JR Valrey: How is the owner exploiting the video footage taken of the incident? Can you talk about why you want all of the footage released, instead of just a small section?
Jessica Breaux: The video footage being shared is not of my visit to this establishment, in its entirety. The 2 people who have shared this video that has over 25 thousand views, are reported to be the owners daughter and 14 year old son. They have been directly given the footage that they want shared in their favor. I want the entire footage to be shared, so that people will know the truth, and that I am not the person they are making me out to be. I am also a pillar in my community for the work that I do.
JR Valrey: In light of numerous Asian elders being robbed all over the Bay Area, what has the owner been doing to galvanize support utilizing this incident, and this false narrative?

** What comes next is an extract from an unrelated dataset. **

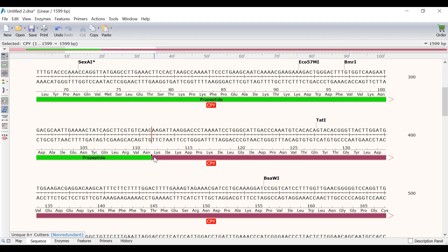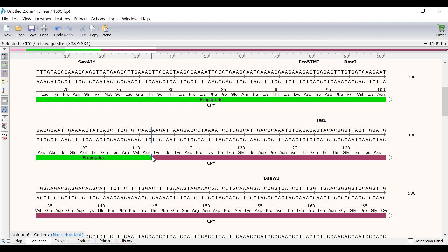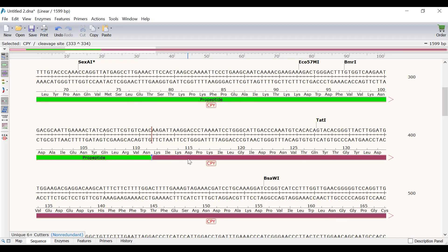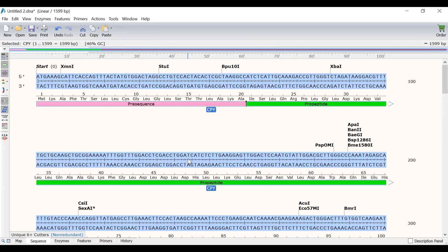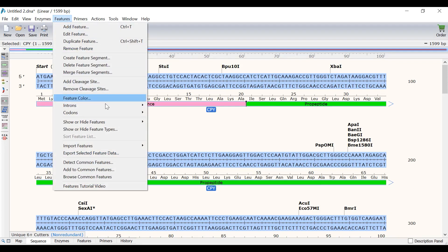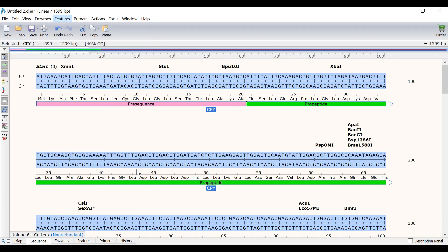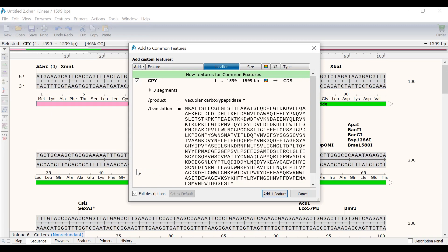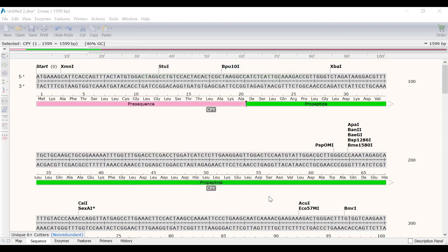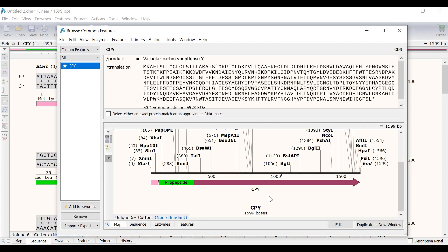If you are working with the same feature quite a lot, then it is possible to save it as a custom feature to enable automatic annotations in the future. To do this, I will click on the feature to select it. Then go to Features, Add to Common Features. With the CPY feature selected, I will click on the Add One Feature button to save it. Doing this will open the Browse Common Features window.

Jessica Breaux: There have been rallies set up in support of him, his business and his family. There has been a GoFundMe that has been created on the owners behalf, that has raised close to 2k. The councilman for the city of Hercules, Alexander Walker Griffin has given his full support, and no one has contacted me, at all as to what really happened on this day. After a week, I contacted him by email, and he said, “I am sorry all of this happened to you, I will not address any further questions on this matter. I do wish you well. This is a matter that the council can not control. I would advise you to speak to a legal council in regards to this issue. Again, I wish you well.”
JR Valrey: Can you talk about how you and your child have been directly threatened after the incident?
Jessica Breaux: I have received over 500 threats directed at me and my child via messenger, on both Facebook and Instagram. My address has been posted on both social media networks. And I have lost my job.
JR Valrey: How have the Hercules Police responded to you?
Jessica Breaux: The initial report was made. I contacted them again, in regards to my address being posted, and the threats made towards me and my child, and they said that there is nothing they could do, until something God forbid, happens to me and my child.